M. Dorion revient sur cette ligne des basses eaux: «Est-ce que les Belges qui se baignent à marée basse se trouvent à entrer en Grande-Bretagne? Ça n'a pas de bon sens!», lance-t-il pour montrer l'absurdité de la situation. Comment en est-on arrivé là? Jusqu'en 1912, une bonne partie du territoire du nord du Québec appartenait à «l'Ungava», qui était lui-même rattaché aux Territoires-du-Nord-Ouest. En 1912, on a décidé de «remonter la frontière jusqu'en haut», à la baie d'Ungava. «Le fédéral a toutefois décidé d'enlever du Québec tout ce qui était en dehors du continent», sans songer aux problèmes causés par les marées. «Or, à marée basse, des milliers d'îles sont rattachées au continent! Si c'est marée basse, ces îles-là font partie du Québec, si c'est marée haute, ça ne fait pas partie du Québec!» Le gouvernement du Québec a réclamé les îles à plusieurs reprises.

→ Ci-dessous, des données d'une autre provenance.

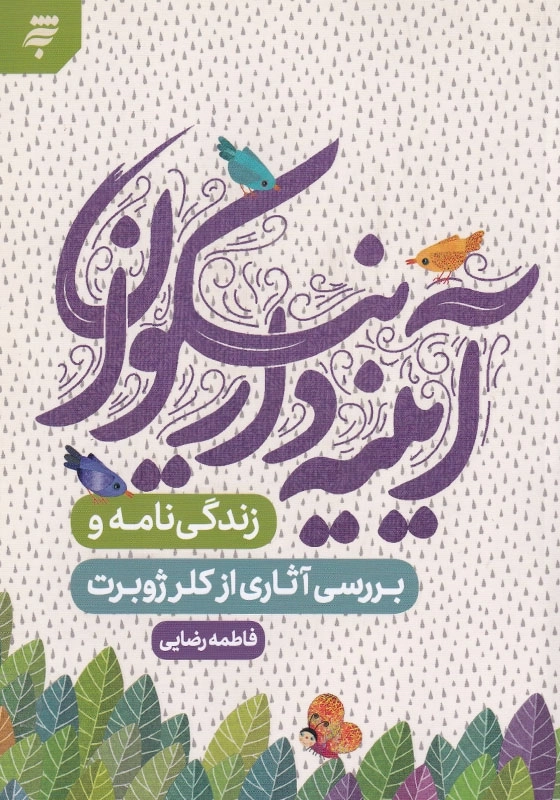 آیینه دار نیکوان: زندگی نامه و بررسی آثاری از کلر ژوبرت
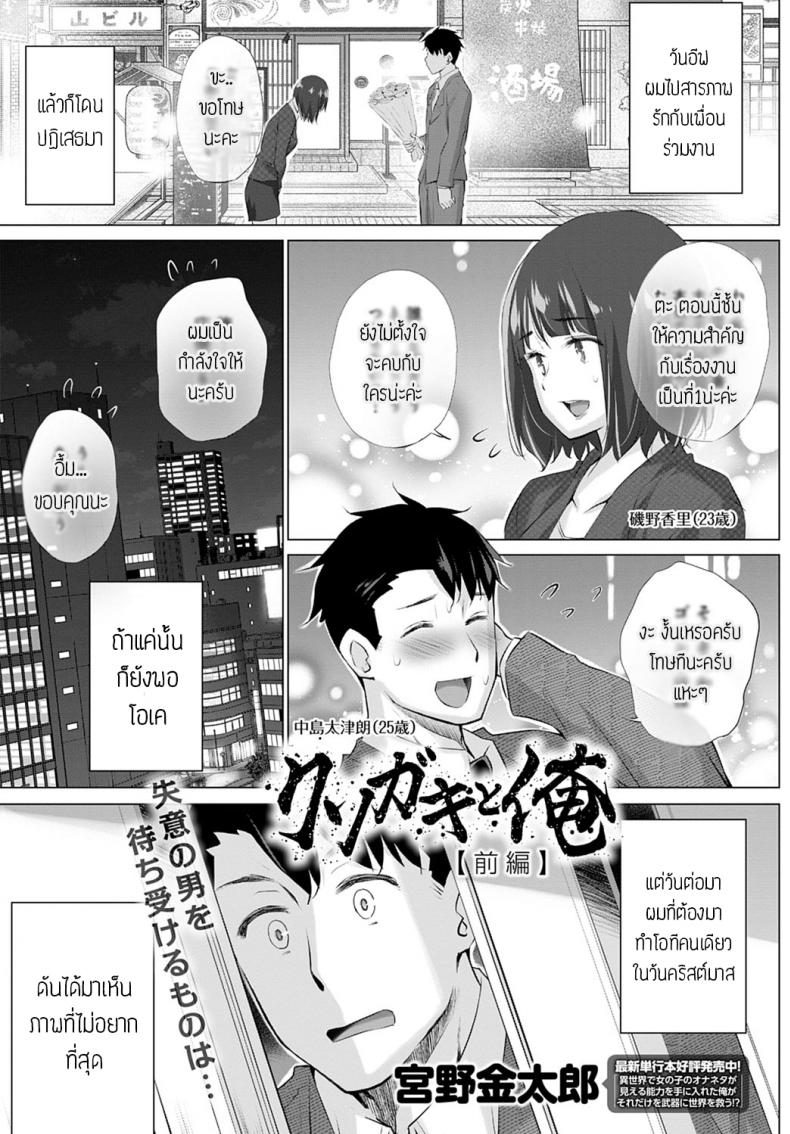 ผมกับเด็กเปรต [Miyano kintarou] Kusogaki to ore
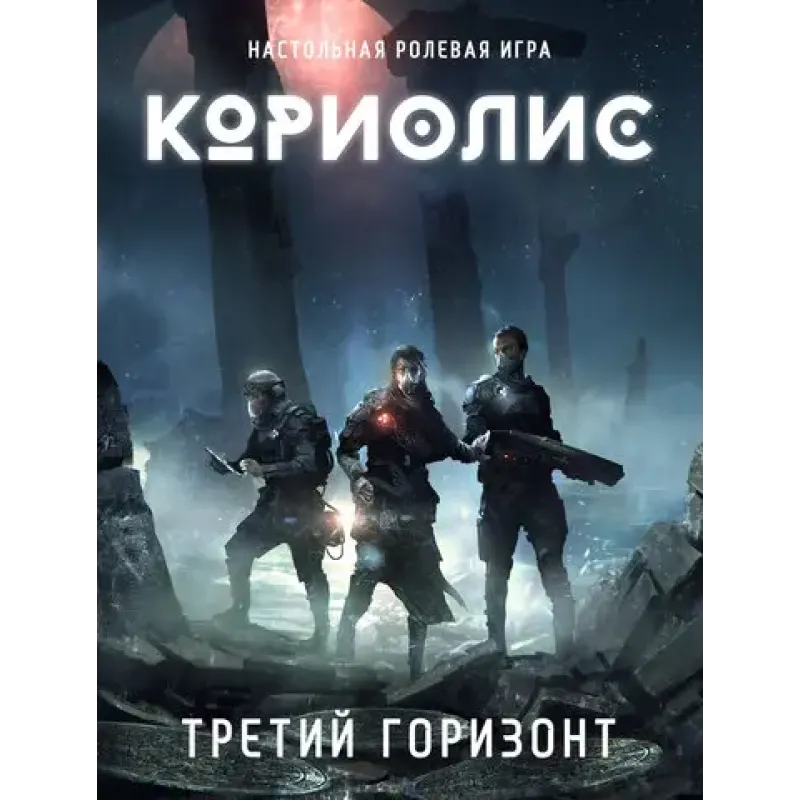 Кориолис. Третий Горизонт (Coriolis: Third Horizon)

Le fédéral a toujours refusé. «Ils ont invoqué la sécurité nationale, "un jour on pourrait en avoir besoin"», relate Dorion. Toutefois, les provinces aux extrémités de la fédération, la Colombie-Britannique et Terre-Neuve, elles, ont obtenu sans problème le rattachement des îles côtières au territoire.

Un territoire indéfini

Devant les menaces partitionnistes, des souverainistes comme Jacques Brassard ou Joseph Facal, dans les années 90, ont eu le réflexe de soutenir que le territoire du Québec était bien délimité. Cette réponse, politique, ne résiste pas à l'analyse, estime Dorion. C'est plutôt l'inverse: «Le Québec est le territoire des deux Amériques le plus indéfini quant à ses frontières. Il n'y a aucun territoire qui a plus de 80 % de ses frontières qui ne sont pas établies comme c'est le cas du Québec.» Le géographe fait remarquer par exemple que plusieurs parties — «ne posant pas problème» — de la frontière avec entre le Labrador et le Québec ne sont délimitées sur le terrain que par des compagnies minières ou forestières. La partie revendiquée par le Québec, en haut du 52e parallèle, ne fait pas non plus tellement l'objet d'efforts de la part du Québec. «Quand on revendique un territoire, il faut toujours bien même être présent un peu.»

Pour ce laisser-aller, à qui la faute? «Dans le livre, on n'attaque aucun gouvernement. C'est au lecteur de tirer ses conclusions», soutient-il. Chose certaine, «l'occupation du territoire en terme d'intégrité territoriale n'a jamais empêché le gouvernement de dormir. On laisse les problèmes pourrir». Le mal est peut-être québécois. «En tout cas, tous les partis au Québec ont toujours eu une conscience territoriale pas mal aléatoire.»